*** Dataset excerpt Section Begins ***

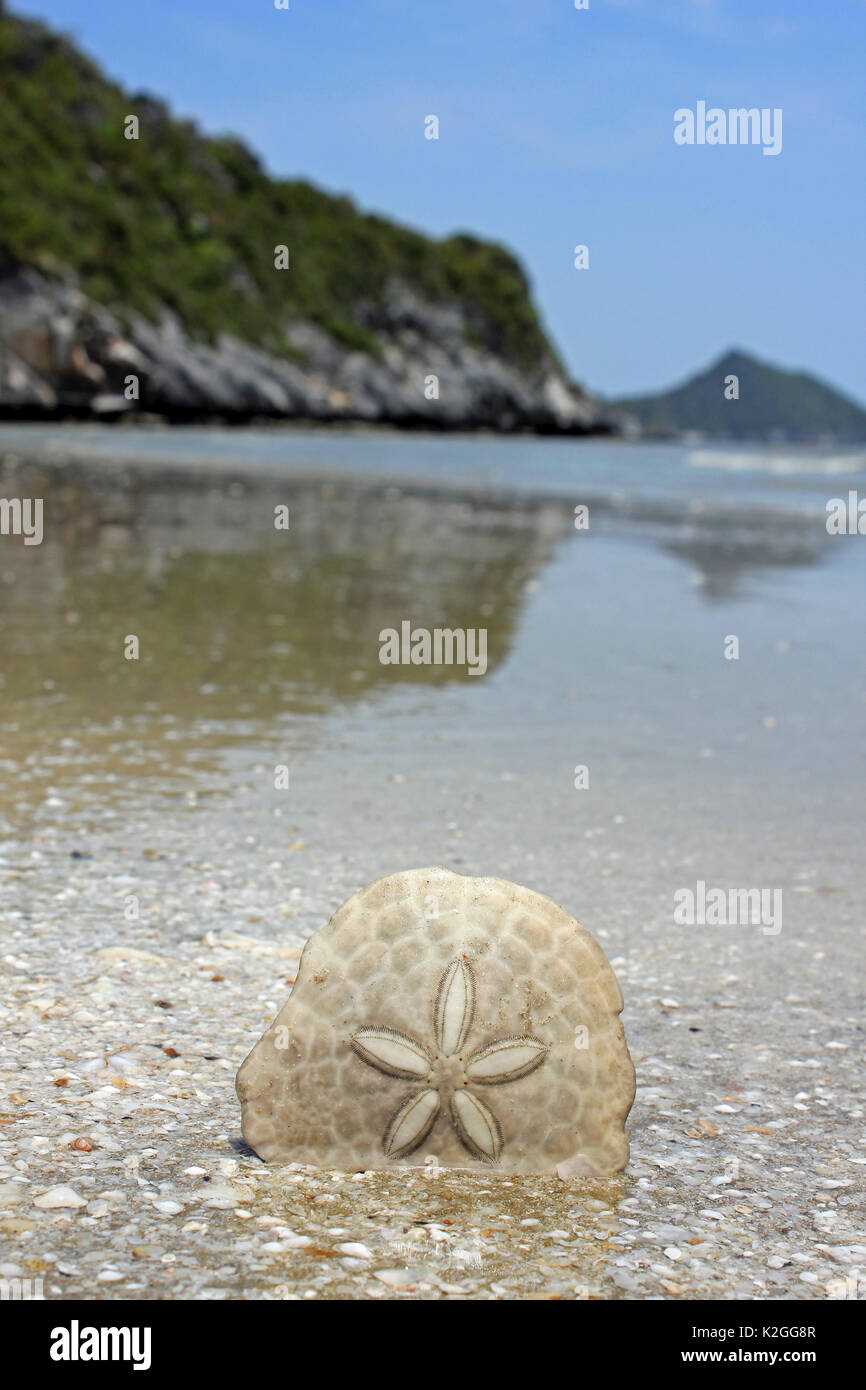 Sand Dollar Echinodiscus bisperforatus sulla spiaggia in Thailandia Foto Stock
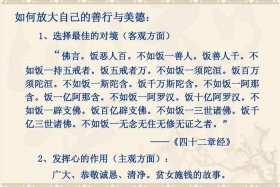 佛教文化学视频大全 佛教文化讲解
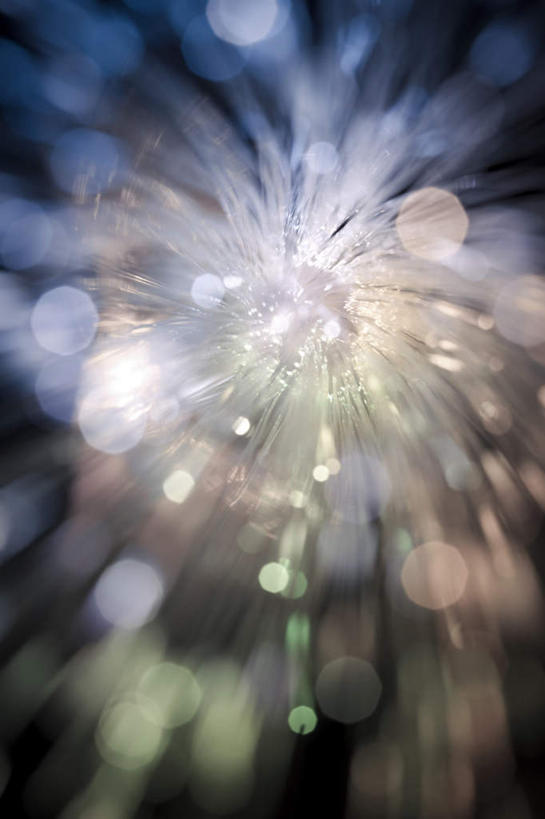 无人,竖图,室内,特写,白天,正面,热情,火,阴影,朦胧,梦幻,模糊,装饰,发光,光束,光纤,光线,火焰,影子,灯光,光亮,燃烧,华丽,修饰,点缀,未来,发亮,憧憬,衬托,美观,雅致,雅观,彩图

*** Dataset excerpt Section Ends ***

**Work instructions**. Only the lines from the one containing "佛教文化学视频大全 佛教文化讲解" through the end of the data above are to be output, exactly and without pictures.

**Exercise response**.
 佛教文化学视频大全 佛教文化讲解
 无人,竖图,室内,特写,白天,正面,热情,火,阴影,朦胧,梦幻,模糊,装饰,发光,光束,光纤,光线,火焰,影子,灯光,光亮,燃烧,华丽,修饰,点缀,未来,发亮,憧憬,衬托,美观,雅致,雅观,彩图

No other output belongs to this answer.